=== Begin Enclosure ===
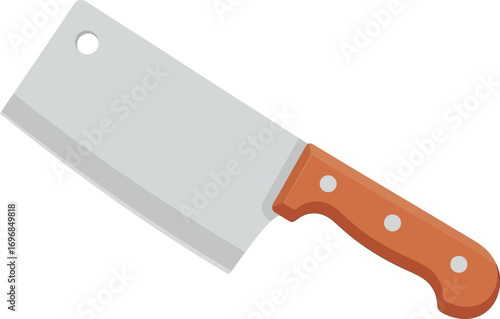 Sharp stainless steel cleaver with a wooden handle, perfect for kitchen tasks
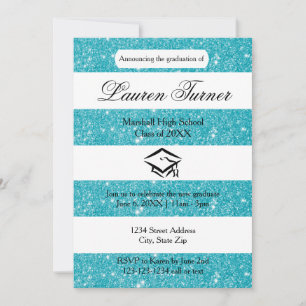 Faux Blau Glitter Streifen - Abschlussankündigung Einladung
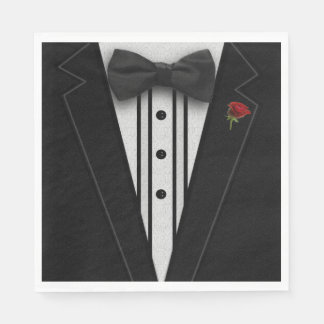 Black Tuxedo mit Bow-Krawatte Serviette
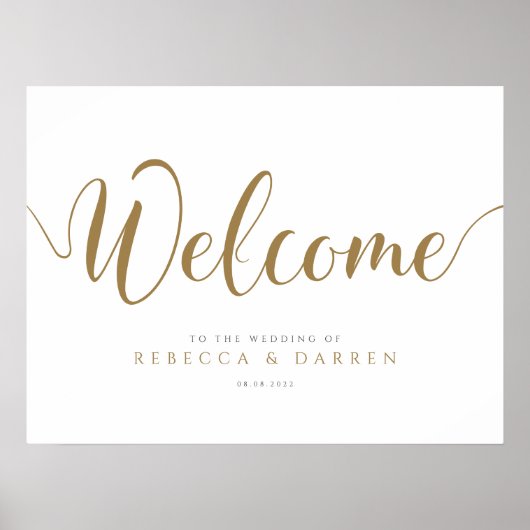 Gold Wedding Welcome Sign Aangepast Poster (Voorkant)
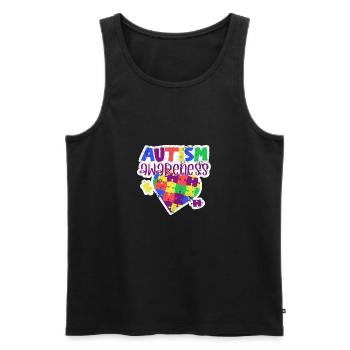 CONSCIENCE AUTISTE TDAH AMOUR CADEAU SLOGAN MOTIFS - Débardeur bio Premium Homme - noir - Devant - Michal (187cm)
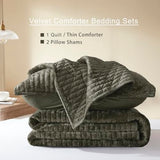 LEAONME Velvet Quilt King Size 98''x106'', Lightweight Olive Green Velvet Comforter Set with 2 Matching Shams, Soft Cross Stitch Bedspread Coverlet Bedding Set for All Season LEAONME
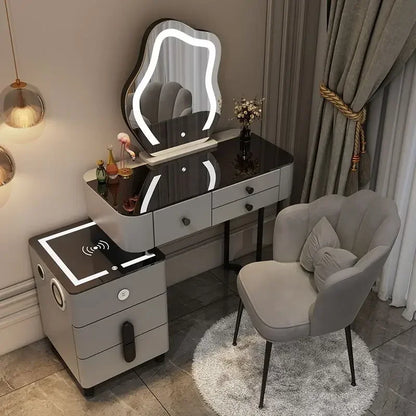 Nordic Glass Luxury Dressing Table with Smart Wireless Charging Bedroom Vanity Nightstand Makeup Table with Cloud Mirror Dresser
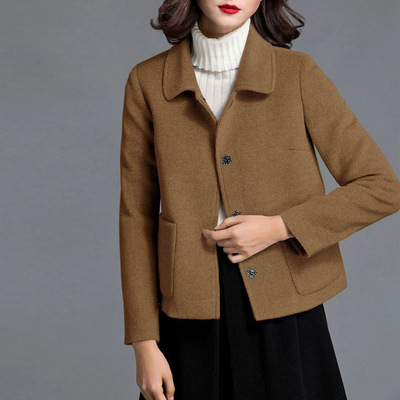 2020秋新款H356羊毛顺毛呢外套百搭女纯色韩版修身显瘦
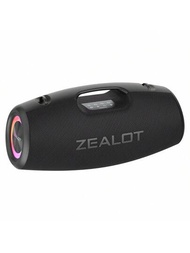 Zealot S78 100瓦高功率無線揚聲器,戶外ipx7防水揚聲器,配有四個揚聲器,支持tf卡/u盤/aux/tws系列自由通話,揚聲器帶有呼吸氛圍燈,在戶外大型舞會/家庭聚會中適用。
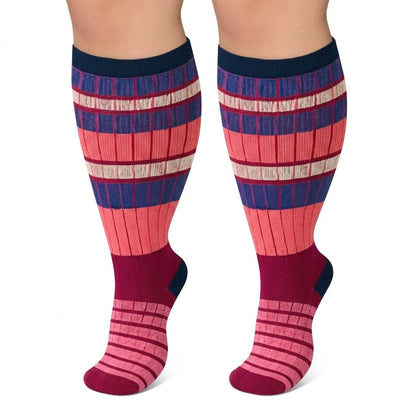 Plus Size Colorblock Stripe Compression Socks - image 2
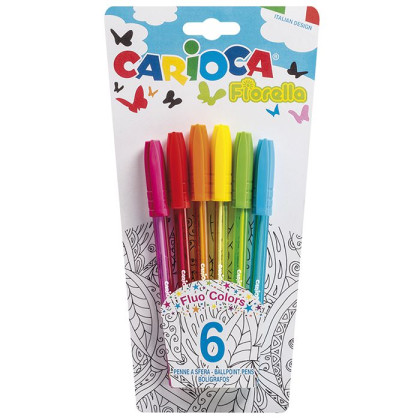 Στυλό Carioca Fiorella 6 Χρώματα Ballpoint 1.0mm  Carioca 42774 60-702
=== End Enclosure ===
What you need to do:
Print all the records exactly, minus any images.

Result of the exercise:
 Sharp stainless steel cleaver with a wooden handle, perfect for kitchen tasks
 Faux Blau Glitter Streifen - Abschlussankündigung Einladung
 Black Tuxedo mit Bow-Krawatte Serviette
 Gold Wedding Welcome Sign Aangepast Poster (Voorkant)
 CONSCIENCE AUTISTE TDAH AMOUR CADEAU SLOGAN MOTIFS - Débardeur bio Premium Homme - noir - Devant - Michal (187cm)
 LEAONME Velvet Quilt King Size 98''x106'', Lightweight Olive Green Velvet Comforter Set with 2 Matching Shams, Soft Cross Stitch Bedspread Coverlet Bedding Set for All Season LEAONME
 Nordic Glass Luxury Dressing Table with Smart Wireless Charging Bedroom Vanity Nightstand Makeup Table with Cloud Mirror Dresser
 2020秋新款H356羊毛顺毛呢外套百搭女纯色韩版修身显瘦
 Zealot S78 100瓦高功率無線揚聲器,戶外ipx7防水揚聲器,配有四個揚聲器,支持tf卡/u盤/aux/tws系列自由通話,揚聲器帶有呼吸氛圍燈,在戶外大型舞會/家庭聚會中適用。
 Plus Size Colorblock Stripe Compression Socks - image 2
 Στυλό Carioca Fiorella 6 Χρώματα Ballpoint 1.0mm  Carioca 42774 60-702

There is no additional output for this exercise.